Not currently. The workaround would be to use an anonymous procedure block:
begin
insert into #temp select col1, col2 from table;
select count(distinct col1), count(distinct col2) from #temp;
end
-
2. Re: Teiid Impala Multiple Count Distinct Issue
walla2sl Oct 6, 2015 4:09 PM (in response to shawkins)Did some more reading on Cloudera's documentation and here's an excerpt.
By default, Impala only allows a single COUNT(DISTINCT columns) expression in each query.
To produce the same result as multiple COUNT(DISTINCT) expressions, you can use the following technique for queries involving a single table:
select v1.c1 result1, v2.c1 result2 from (select count(distinct col1) as c1 from t1) v1 cross join (select count(distinct col2) as c1 from t1) v2;
Ideally, the translator should rewrite the Impala query similar as above.
-
3. Re: Teiid Impala Multiple Count Distinct Issue
shawkins Oct 7, 2015 8:26 AM (in response to walla2sl)That works fine as long as there is no group by clause, then the cross join could produce a much larger row set than desired.
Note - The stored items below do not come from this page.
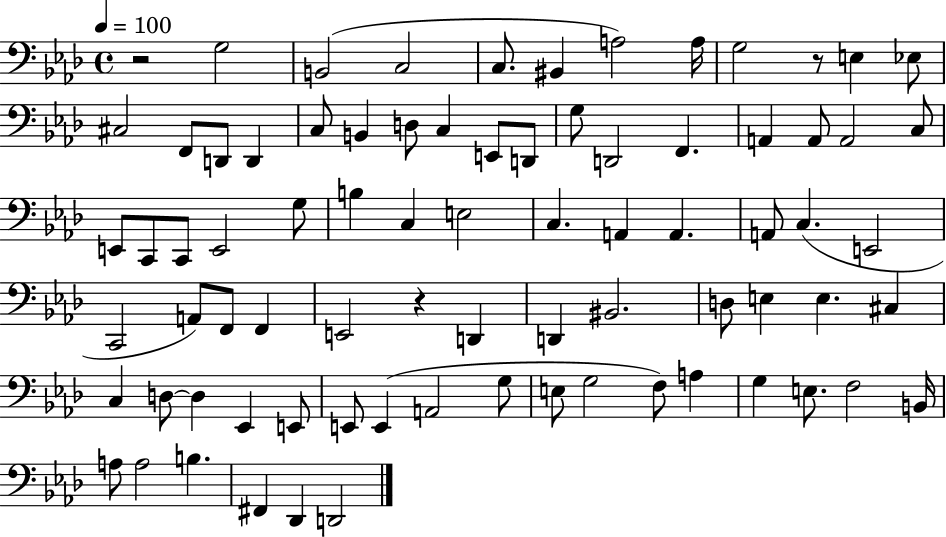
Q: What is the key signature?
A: AES major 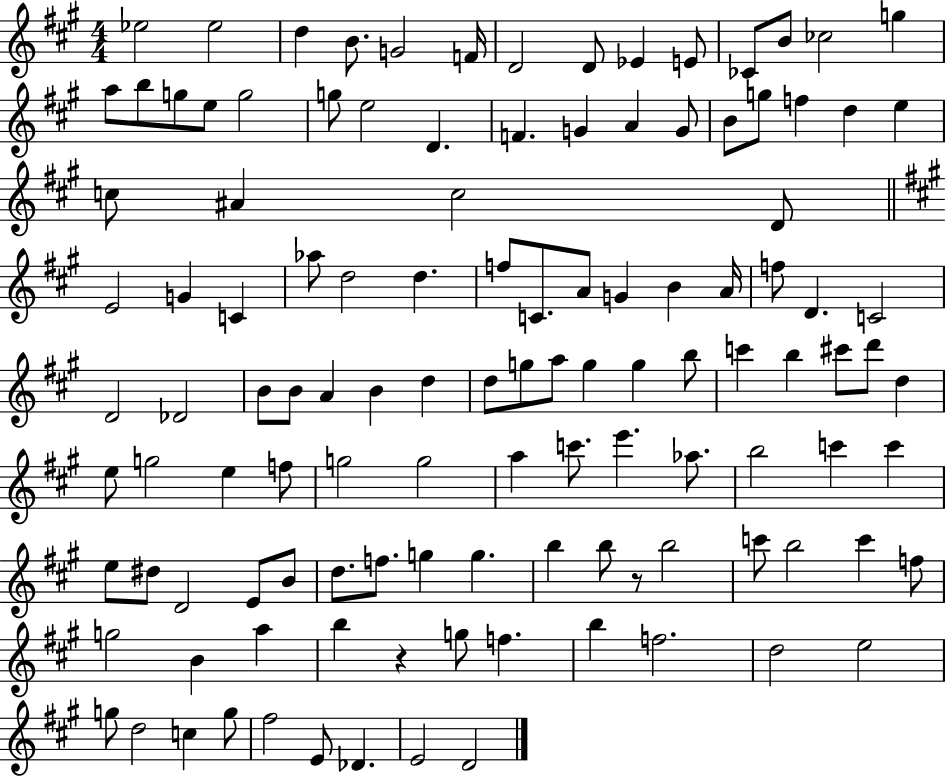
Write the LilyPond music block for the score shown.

{
  \clef treble
  \numericTimeSignature
  \time 4/4
  \key a \major
  \repeat volta 2 { ees''2 ees''2 | d''4 b'8. g'2 f'16 | d'2 d'8 ees'4 e'8 | ces'8 b'8 ces''2 g''4 | \break a''8 b''8 g''8 e''8 g''2 | g''8 e''2 d'4. | f'4. g'4 a'4 g'8 | b'8 g''8 f''4 d''4 e''4 | \break c''8 ais'4 c''2 d'8 | \bar "||" \break \key a \major e'2 g'4 c'4 | aes''8 d''2 d''4. | f''8 c'8. a'8 g'4 b'4 a'16 | f''8 d'4. c'2 | \break d'2 des'2 | b'8 b'8 a'4 b'4 d''4 | d''8 g''8 a''8 g''4 g''4 b''8 | c'''4 b''4 cis'''8 d'''8 d''4 | \break e''8 g''2 e''4 f''8 | g''2 g''2 | a''4 c'''8. e'''4. aes''8. | b''2 c'''4 c'''4 | \break e''8 dis''8 d'2 e'8 b'8 | d''8. f''8. g''4 g''4. | b''4 b''8 r8 b''2 | c'''8 b''2 c'''4 f''8 | \break g''2 b'4 a''4 | b''4 r4 g''8 f''4. | b''4 f''2. | d''2 e''2 | \break g''8 d''2 c''4 g''8 | fis''2 e'8 des'4. | e'2 d'2 | } \bar "|."
} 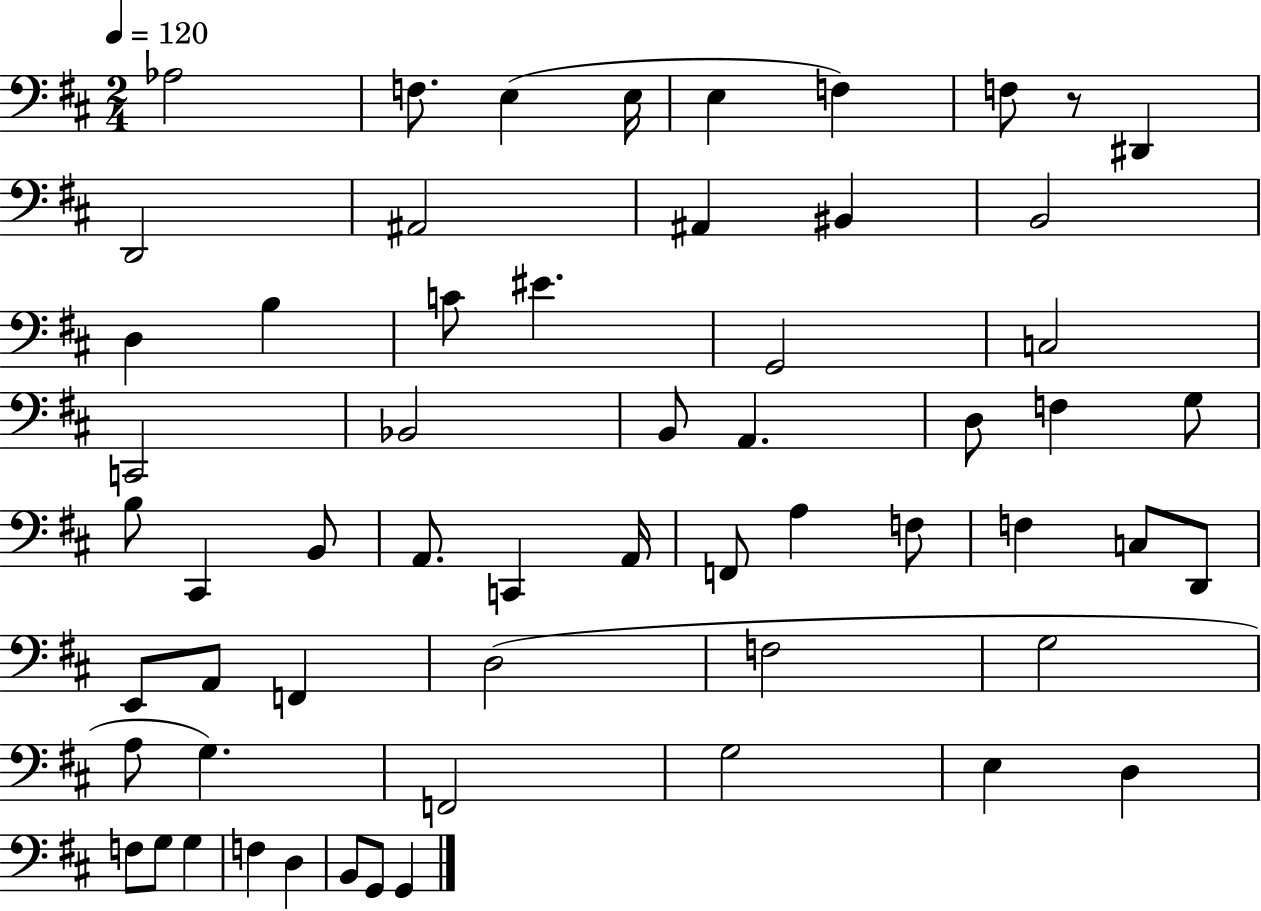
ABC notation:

X:1
T:Untitled
M:2/4
L:1/4
K:D
_A,2 F,/2 E, E,/4 E, F, F,/2 z/2 ^D,, D,,2 ^A,,2 ^A,, ^B,, B,,2 D, B, C/2 ^E G,,2 C,2 C,,2 _B,,2 B,,/2 A,, D,/2 F, G,/2 B,/2 ^C,, B,,/2 A,,/2 C,, A,,/4 F,,/2 A, F,/2 F, C,/2 D,,/2 E,,/2 A,,/2 F,, D,2 F,2 G,2 A,/2 G, F,,2 G,2 E, D, F,/2 G,/2 G, F, D, B,,/2 G,,/2 G,, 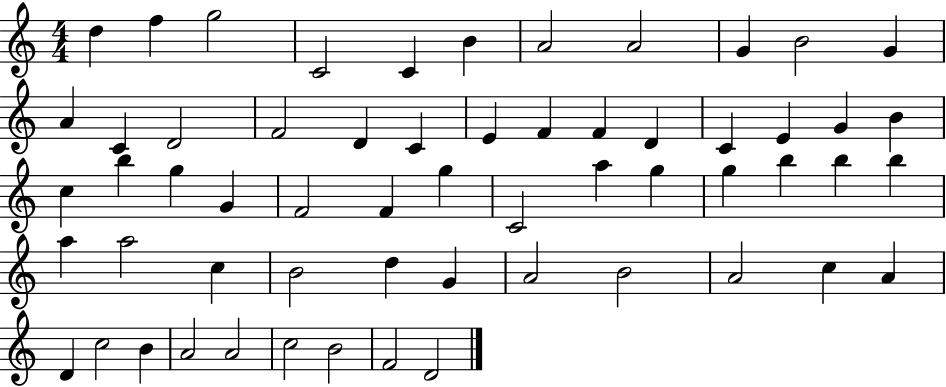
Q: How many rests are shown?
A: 0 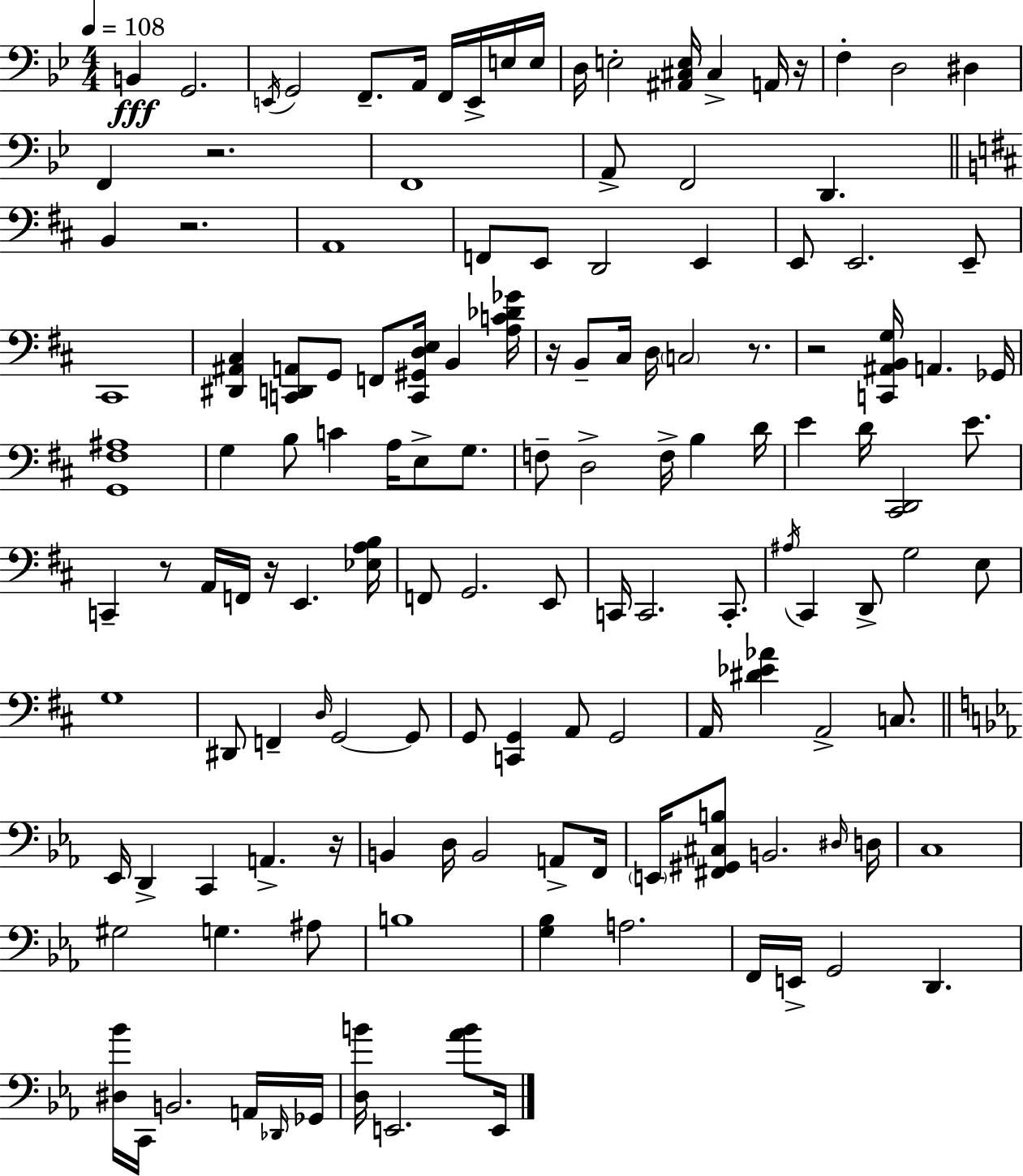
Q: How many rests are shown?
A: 9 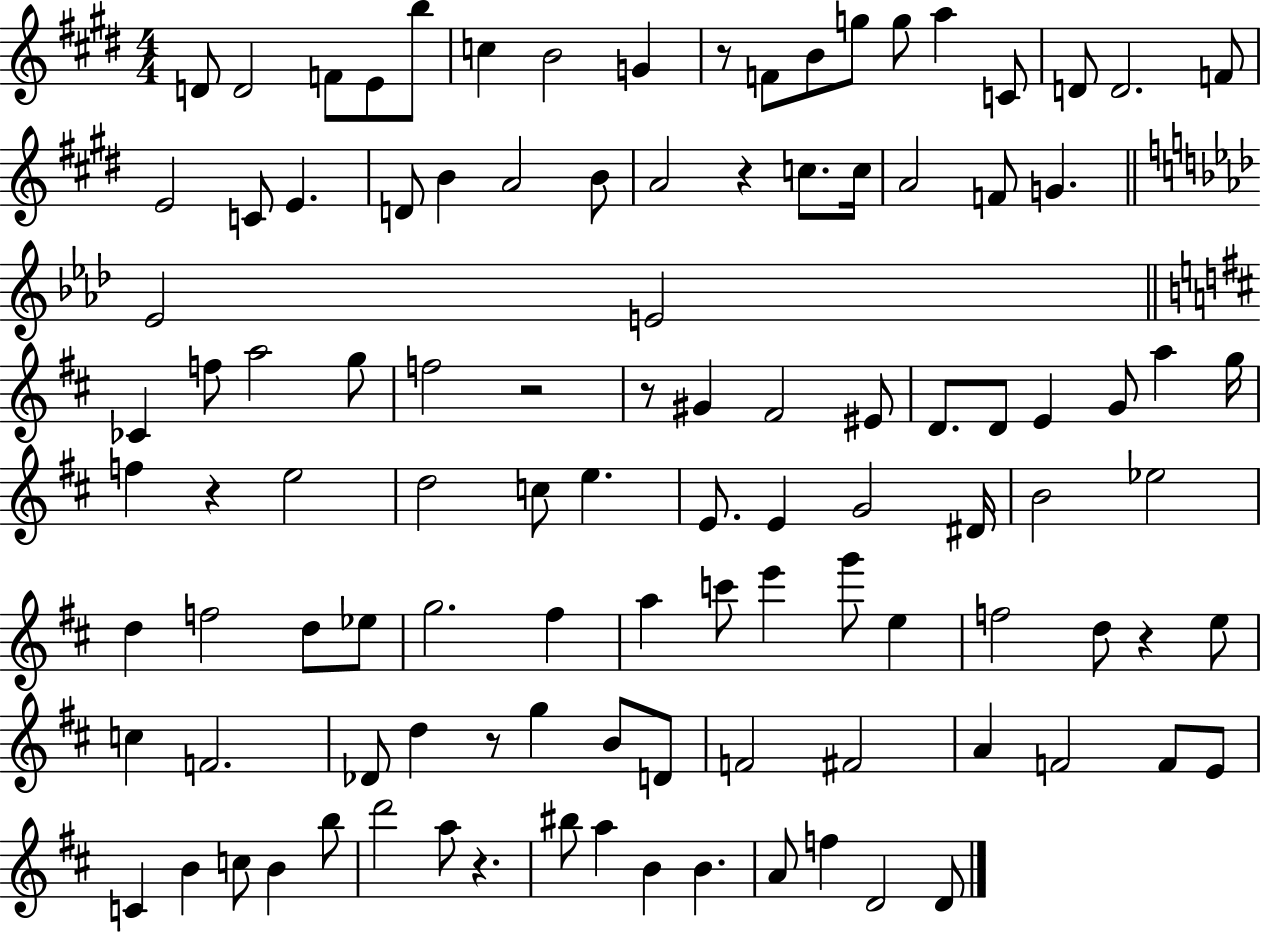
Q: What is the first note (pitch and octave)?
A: D4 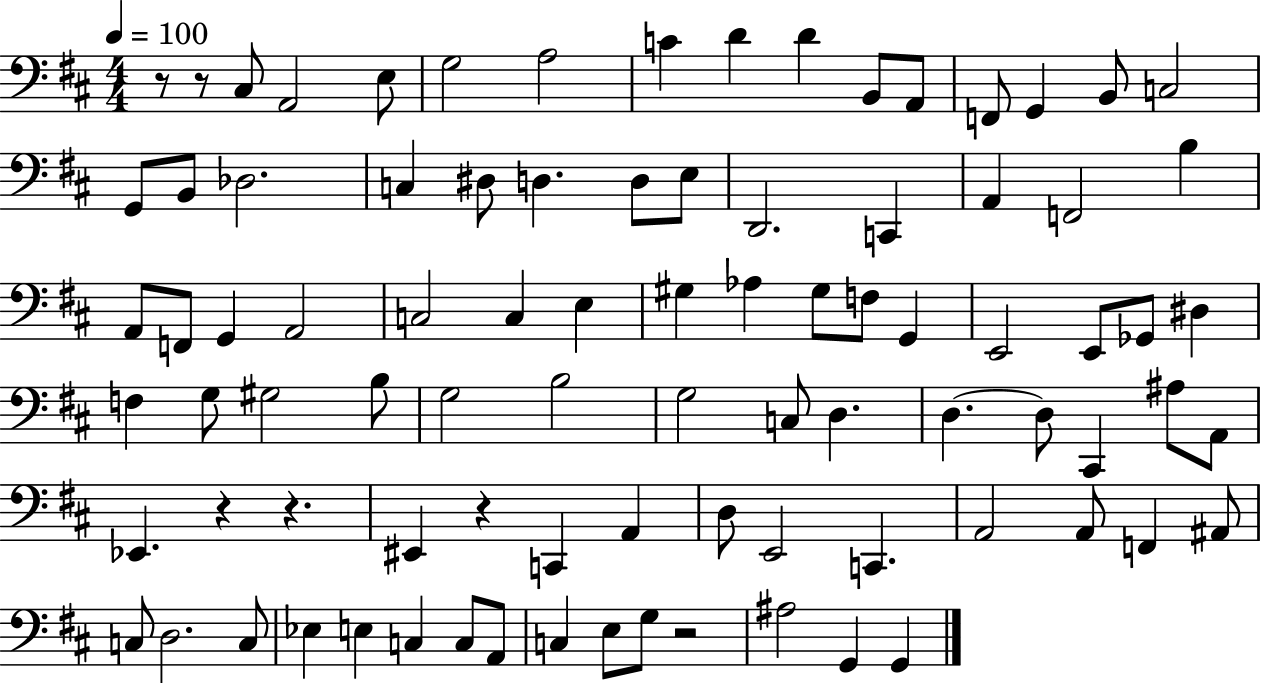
X:1
T:Untitled
M:4/4
L:1/4
K:D
z/2 z/2 ^C,/2 A,,2 E,/2 G,2 A,2 C D D B,,/2 A,,/2 F,,/2 G,, B,,/2 C,2 G,,/2 B,,/2 _D,2 C, ^D,/2 D, D,/2 E,/2 D,,2 C,, A,, F,,2 B, A,,/2 F,,/2 G,, A,,2 C,2 C, E, ^G, _A, ^G,/2 F,/2 G,, E,,2 E,,/2 _G,,/2 ^D, F, G,/2 ^G,2 B,/2 G,2 B,2 G,2 C,/2 D, D, D,/2 ^C,, ^A,/2 A,,/2 _E,, z z ^E,, z C,, A,, D,/2 E,,2 C,, A,,2 A,,/2 F,, ^A,,/2 C,/2 D,2 C,/2 _E, E, C, C,/2 A,,/2 C, E,/2 G,/2 z2 ^A,2 G,, G,, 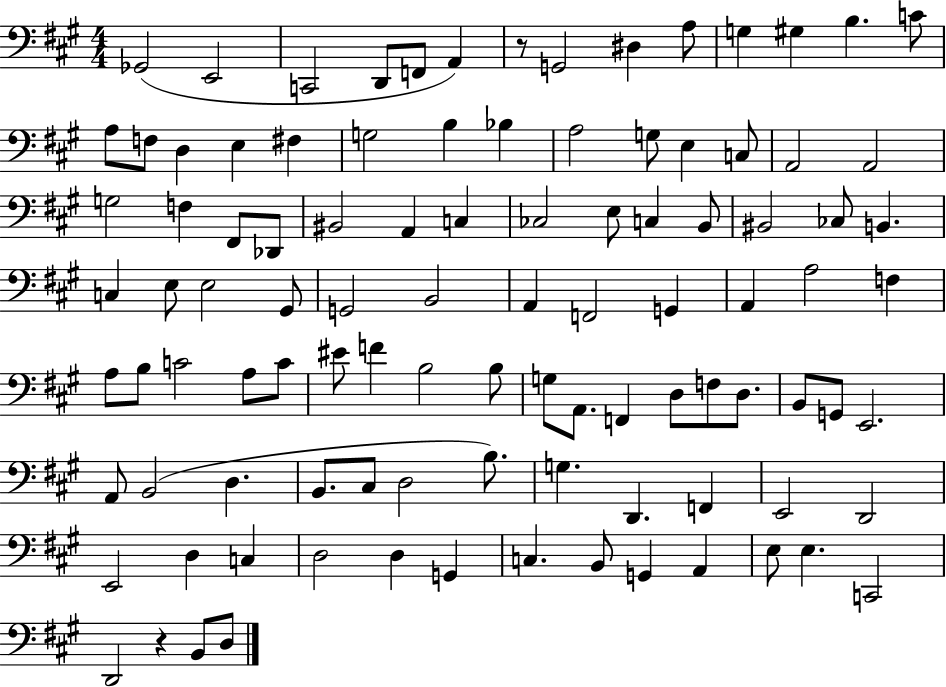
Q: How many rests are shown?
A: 2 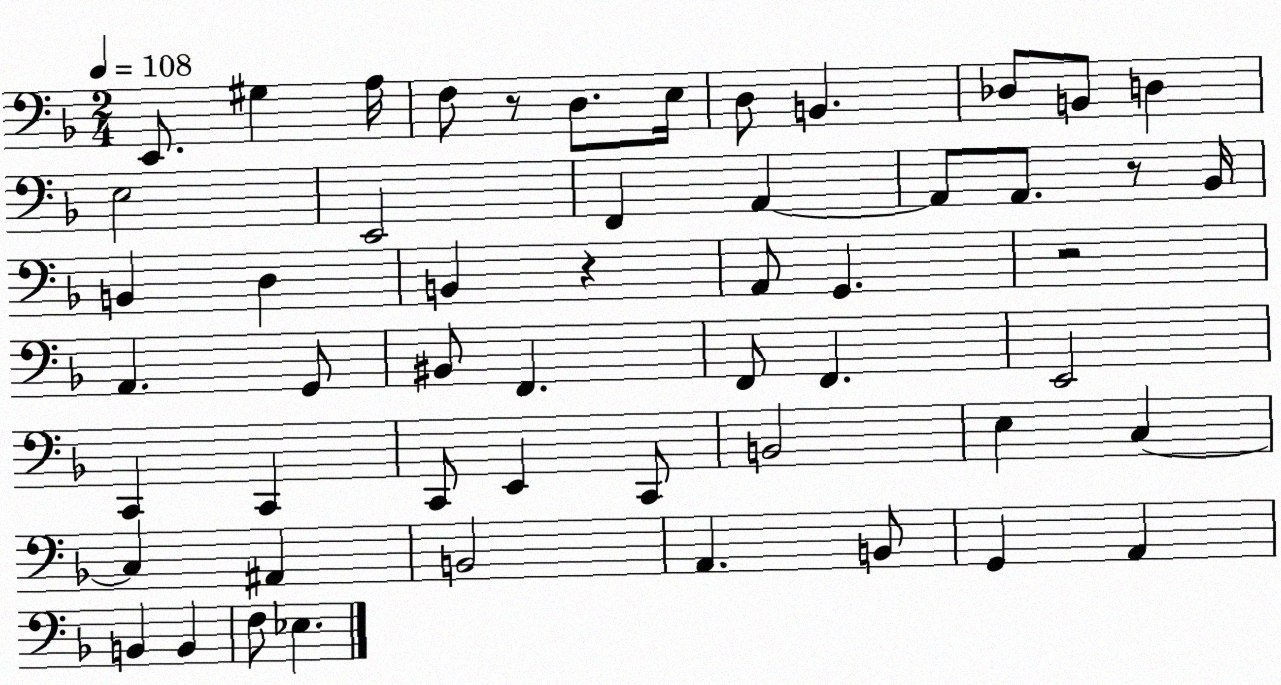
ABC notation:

X:1
T:Untitled
M:2/4
L:1/4
K:F
E,,/2 ^G, A,/4 F,/2 z/2 D,/2 E,/4 D,/2 B,, _D,/2 B,,/2 D, E,2 E,,2 F,, A,, A,,/2 A,,/2 z/2 _B,,/4 B,, D, B,, z A,,/2 G,, z2 A,, G,,/2 ^B,,/2 F,, F,,/2 F,, E,,2 C,, C,, C,,/2 E,, C,,/2 B,,2 E, C, C, ^A,, B,,2 A,, B,,/2 G,, A,, B,, B,, F,/2 _E,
Can you log an issue for the translator to handle single group case?
-
4. Re: Teiid Impala Multiple Count Distinct Issue
walla2sl Oct 7, 2015 11:55 AM (in response to shawkins)Thanks, Steven. Opened [TEIID-3743] Multiple Count Distinct Columns Fails for Impala - JBoss Issue Tracker
-
5. Re: Teiid Impala Multiple Count Distinct Issue
shawkins Oct 7, 2015 4:37 PM (in response to walla2sl)1 of 1 people found this helpfulThanks Scott. The fix will be in 8.12 Final.
-
6. Re: Teiid Impala Multiple Count Distinct Issue
walla2sl Oct 8, 2015 10:06 AM (in response to shawkins)Awesome! That was fast, thank you!